One of the biggest lies of 9/11 involves the all-purpose boogeyman known as al-Qaeda.
A Review Essay on a Propagandist’s Journey in Search of the ‘Conspiracist Underground’ by Anthony J. Hall Professor of Globalization Studies University of Lethbridge.
by Dr. Anthony J. Hall
Professor Anthony Hall is one of the world’s most esteemed writers in the area of 11 September 2001 history.
(ALBERTA) – Jonathan Kay’s Among the Truthers was written to coincide with the tenth anniversary of the contested events of 9/11. Its contents vividly illustrate the strategic geopolitical importance of the public’s changing perception of the hit on the Pentagon and the pulverization of the three World Trade Centers on September 11, 2001.
Most of Kay’s core arguments in the text are undermined by the author’s self-confessed decision not to address directly the empirically-verifiable proof pertaining to what did or did not happen on 9/11. Kay’s zeal to avert any hard reckoning with the complex body of evidence underlying his radical conclusions helps to shed light on the culture of cover-up and propaganda necessary to keep the sacred myth of 9/11 alive in the public’s imagination.

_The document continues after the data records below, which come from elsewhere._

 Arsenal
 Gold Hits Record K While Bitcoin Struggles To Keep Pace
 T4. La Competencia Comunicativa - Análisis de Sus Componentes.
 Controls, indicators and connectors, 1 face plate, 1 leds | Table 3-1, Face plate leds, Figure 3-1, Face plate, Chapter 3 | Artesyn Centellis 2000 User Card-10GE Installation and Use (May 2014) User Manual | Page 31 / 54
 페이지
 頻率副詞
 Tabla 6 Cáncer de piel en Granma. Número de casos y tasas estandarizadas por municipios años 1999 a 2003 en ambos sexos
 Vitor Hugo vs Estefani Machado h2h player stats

One of the biggest lies of 9/11 involves the all-purpose boogeyman known as al-Qaeda. The claim is often advanced either explicitly or implicitly that this caricatured embodiment of Islamic evil somehow extricated itself from the CIA and the other related agencies that founded the anti-communist proxy army of Islamic jihadists who in the 1980s overturned with US backing the Soviet-backed puppet regime in Afghanistan. Kay simply goes along with the prevalent public mythology constructed to present al-Qaeda as a credible replacement for the now-defunct Soviet enemy in order to justify the further expansion, empowerment and privatization of the world’s most formidable and expensive military-industrial complex.
A very detailed interpretation of al-Qaeda as the primary villain of 9/11 was fed into the echo chambers of the mainstream media from the first hours following the attacks until the present day. This interpretation has had the predictable outcome of driving a wedge between Islam and those adhering to a narrowed construction of the so-called West.
The sacred myth of 9/11 depends on planting diabolical stereotypes of Islamic terrorists in popular imagination
The sacred myth of 9/11 depends on planting diabolical stereotypes of Islamic terrorists in popular imagination<.
It injects new impulses of distrust between the worldwide ummah of Muslims and those encouraged to situate their heritage within the Judeo-Christian stream of history.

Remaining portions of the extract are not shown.